Tracey: I was very lucky and got to play a Steinway full-size concert grand piano on the stage of the Royal Opera House a couple of years ago with the School in our Summer Performance. I also did that on a School tour of Japan in 2000, and again, there was a piano on the stage with the dancers. I’ve been on tour three times with the School, which has been really lovely, meeting the Queen, meeting Prince Charles, as he was then, and lots of lovely people that I’ve worked with.
Liz: My highlight would be playing Les Sylphides at Opera Holland Park in 2017. When we were doing the rehearsals with Dame Monica Mason, she approached me and asked if I would like to play it live.

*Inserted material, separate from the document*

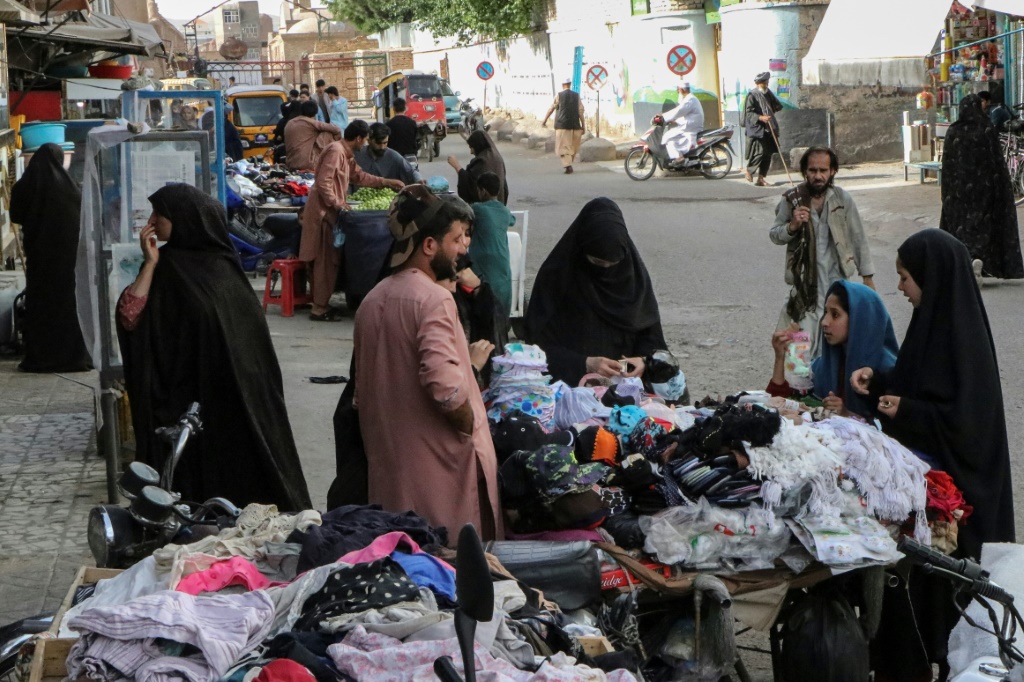 نساء يشترين الملابس من كشك في الشارع في هرات (ا ف ب)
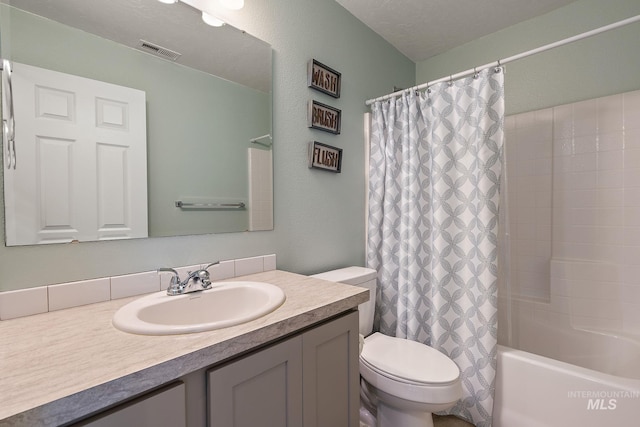 13221 S Clarion River Ave, Nampa, ID 83686 - bathroom featuring toilet, vanity, and shower / tub combo with curtain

I had to go away and give it quite a lot of thought because it was quite daunting, and then decided if I didn’t do it, then I’d probably regret it. I’m glad I did it as well because it was terrifying, but if it hadn’t been for Monica’s calmness and confidence in my ability to do it, I probably wouldn’t have done it.
Akiko: Throughout my career as a ballet pianist, I realised that people don’t know about our jobs. So, my husband, who is also a ballet pianist, Chris Hobson, Matt Gregory, and ballet teacher, David Yow decided to do a podcast. It’s called the Ballet Piano podcast, and we started to broadcast what we do, the problems we have, and how to communicate with the dancers. We thought it was such a narrow thing, and not so many people would listen, but we got messages from all over the world. It was quite nice to hear from other musicians and other dancers what they felt and the feedback we got; we felt like we were not alone.
What’s your favourite aspect of your job?
Tracey: What I really love is rehearsals. I love it when we’re in the studio getting ready for School performances, we’ve got special choreographers in, and we’re working through new pieces.
Liz: I think for me, my favourite aspect is the access we have to such wonderful pianos. Nowhere else could I sit and play what used to be Steinway’s, and now it’s the Yamaha grands. We are so lucky here to have these pianos and that I get to come in and play beautiful pianos every day.
Akiko: I actually like class more than rehearsals. I can create things, and I can make them move with what I do. I enjoy the collaboration and the creativity.
What does a normal day look like for you?
Liz: We have a morning ballet class to play for, sometimes two, and then we’ll have pas de deux classes, solos classes, character classes, and repertoire classes. Most days, I think, on average, we’d be looking at playing maybe three classes a day. In between, we prepare our music, or practice.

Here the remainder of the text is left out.